The two sides discussed surveillance footage from the station where Mr. Regeni was believed to have disappeared in January 2016. After Egypt handed over the footage in May, Italian officials were dismayed to discover that the portions where Mr. Regeni might have been present had been erased.

At the meeting in Cairo, the Egyptians showed their Italian counterparts an email from a Russian engineer explaining that the frames in question had been overwritten by later surveillance recordings. The same day, the Rome Prosecutor’s Office said it would issue an order to put National Security Agency suspects under investigation.

On national television in Italy, the speaker of the lower house of Parliament, Roberto Fico, called the move “fair, strong and courageous,” and announced that Parliament was breaking ties with its Egyptian counterpart. Shortly after that, Foreign Minister Enzo Moavero Milanesi summoned the Egyptian ambassador, Hisham Badr, and urged the Egyptian government to act quickly and show “tangible progress” in the investigation, according to a statement.

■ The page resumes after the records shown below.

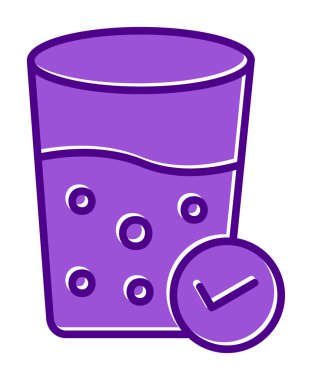 Kabarcıklı bir bardak su ve simge vektör illüstrasyonunu işaretle 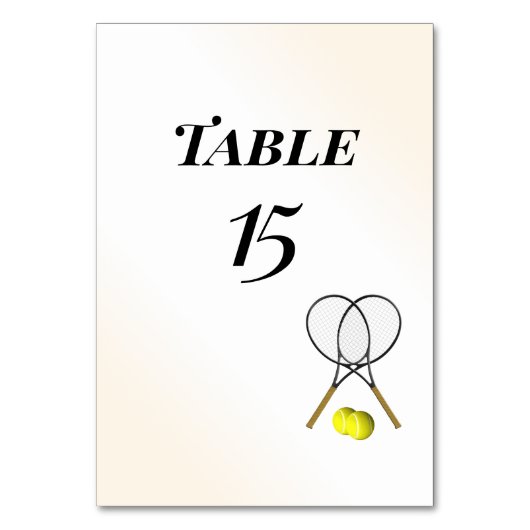 Tennis Table Number Place Cards Kaart (Achterkant)
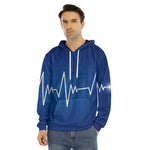 Heartbeat Cardiogram Print Men's Velvet Pullover Hoodie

Since coming to power in June, Italy’s populist coalition government has vowed to press Mr. Regeni’s case. The deputy prime ministers, Matteo Salvini, who leads the League Party, and Luigi Di Maio, who leads the anti-establishment Five Star Movement, met separately with Mr. Sisi in Cairo over the summer. Both said the Egyptian president had repeated earlier assurances of full cooperation in the investigation.

In practice, though, Egyptian officials often seem concerned with tangential matters. In its statement on Sunday, the State Information Service questioned whether Mr. Regeni’s visa was in order at the time of his death because he had entered Egypt on a tourist visa.

Mr. Regeni’s supporters dismissed the issue as another attempt to muddy the waters. “It’s just another delaying tactic,” said Paz Zárate, a lawyer and friend of Mr. Regeni. “The Egyptians tried to blame Giulio many times for things that were irrelevant or invented. He would never do anything illegal.”